Fue entonces, a menos de un kilómetro de Highland Avenue, cuando Norma Jeane se hizo pis encima. Se sintió mortificada, angustiada, pero incapaz de contenerse una vez que hubo empezado. Gladys reconoció el olor de inmediato y comenzó a golpearla y abofetearla con furia:

—¡Cerda! ¡Pequeña salvaje! ¡Has estropeado ese precioso vestido, que ni siquiera es
nuestro
! Lo has hecho adrede, ¿verdad?

Cuatro días después se desataron los vientos de Santa Ana.

9

Porque quería a la niña y deseaba evitarle sufrimientos.

Porque estaba envenenada. Y la niña también lo estaba.

Porque la Ciudad de Arena se consumía en llamas.

Porque el olor a quemado impregnaba el aire.

Porque, según el horóscopo, era el momento de que los nacidos bajo el signo de Géminis «actuaran con determinación» y «demostraran valor para decidir su vida».

Porque el momento señalado del mes había pasado y la sangre había cesado de manar de su cuerpo. Nunca volvería a desearla un hombre.

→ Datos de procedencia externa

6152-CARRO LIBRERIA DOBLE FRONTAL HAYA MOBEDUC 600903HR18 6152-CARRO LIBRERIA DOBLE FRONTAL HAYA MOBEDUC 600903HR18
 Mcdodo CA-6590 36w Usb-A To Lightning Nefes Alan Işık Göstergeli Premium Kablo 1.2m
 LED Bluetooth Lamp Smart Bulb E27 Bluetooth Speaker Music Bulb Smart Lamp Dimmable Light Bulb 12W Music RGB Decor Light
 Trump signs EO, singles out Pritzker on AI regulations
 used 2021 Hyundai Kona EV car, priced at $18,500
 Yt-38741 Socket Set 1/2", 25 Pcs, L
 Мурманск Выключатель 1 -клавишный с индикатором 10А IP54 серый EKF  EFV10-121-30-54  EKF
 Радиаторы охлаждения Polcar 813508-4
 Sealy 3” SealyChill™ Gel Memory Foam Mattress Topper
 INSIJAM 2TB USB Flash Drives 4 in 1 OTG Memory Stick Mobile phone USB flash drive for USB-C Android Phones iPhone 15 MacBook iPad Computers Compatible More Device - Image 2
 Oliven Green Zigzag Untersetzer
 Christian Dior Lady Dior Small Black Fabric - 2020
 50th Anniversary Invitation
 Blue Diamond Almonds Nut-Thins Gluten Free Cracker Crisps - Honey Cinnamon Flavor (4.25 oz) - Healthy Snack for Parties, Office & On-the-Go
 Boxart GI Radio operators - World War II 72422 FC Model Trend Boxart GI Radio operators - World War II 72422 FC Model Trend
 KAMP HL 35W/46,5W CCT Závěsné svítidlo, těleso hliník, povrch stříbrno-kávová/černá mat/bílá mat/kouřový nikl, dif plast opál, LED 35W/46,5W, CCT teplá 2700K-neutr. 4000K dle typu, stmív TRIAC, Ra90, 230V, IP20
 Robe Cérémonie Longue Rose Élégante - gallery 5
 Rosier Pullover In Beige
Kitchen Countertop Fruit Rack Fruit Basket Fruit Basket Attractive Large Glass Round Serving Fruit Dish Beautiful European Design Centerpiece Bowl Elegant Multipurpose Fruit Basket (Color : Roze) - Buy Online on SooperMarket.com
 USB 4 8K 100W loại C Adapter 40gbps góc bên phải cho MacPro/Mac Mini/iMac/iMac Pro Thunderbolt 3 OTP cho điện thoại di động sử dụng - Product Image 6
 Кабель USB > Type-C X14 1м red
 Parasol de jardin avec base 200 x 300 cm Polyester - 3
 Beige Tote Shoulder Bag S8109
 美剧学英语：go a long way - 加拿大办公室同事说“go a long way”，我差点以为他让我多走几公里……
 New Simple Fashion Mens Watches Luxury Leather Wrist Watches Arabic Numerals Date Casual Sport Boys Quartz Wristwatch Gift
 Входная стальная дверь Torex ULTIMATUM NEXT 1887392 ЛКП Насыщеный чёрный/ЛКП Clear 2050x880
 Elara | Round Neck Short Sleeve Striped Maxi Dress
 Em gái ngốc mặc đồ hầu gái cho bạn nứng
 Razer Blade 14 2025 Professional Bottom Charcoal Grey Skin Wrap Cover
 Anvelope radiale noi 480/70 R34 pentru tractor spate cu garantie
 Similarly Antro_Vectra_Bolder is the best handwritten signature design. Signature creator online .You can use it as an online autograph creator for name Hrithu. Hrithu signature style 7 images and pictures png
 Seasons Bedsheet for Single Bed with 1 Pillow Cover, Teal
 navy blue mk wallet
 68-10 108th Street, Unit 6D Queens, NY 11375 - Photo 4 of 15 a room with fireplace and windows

Porque durante trece años había trabajado en el laboratorio de La Productora, siendo una empleada fiable, leal, devota, que había contribuido a hacer las mejores películas, a promover a las grandes estrellas, a transformar el propio espíritu del país, sólo para descubrir ahora que la juventud se había escapado entre sus dedos y que su alma estaba mortalmente enferma. En la enfermería de La Productora le habían mentido; el médico contratado por la dirección había dicho que su sangre no estaba contaminada cuando de hecho lo estaba, pues el veneno de los productos químicos se había filtrado, pese a la protección de los guantes de goma de doble densidad, y penetrado en los huesos de sus manos, esas manos que su amante había besado diciendo que eran hermosas y delicadas, «el mejor solaz». El veneno había llegado a la médula y al cerebro, transportado por la sangre, mientras sus indefensos pulmones respiraban los tóxicos vapores. También le había afectado a la vista, ahora nubosa. Los ojos le dolían incluso mientras dormía. Sus compañeros de trabajo se negaban a reconocer su propia enfermedad por temor a ser despedidos, a quedarse en el paro. Porque en Estados Unidos, 1934 era el año del infierno, el año del horror. Porque había llamado para avisar de que estaba enferma una y otra vez, hasta que una voz la informó de que «ya no estaba en nómina, que su pase de La Productora había sido cancelado y que en el control de seguridad le negarían el acceso». Después de trece años.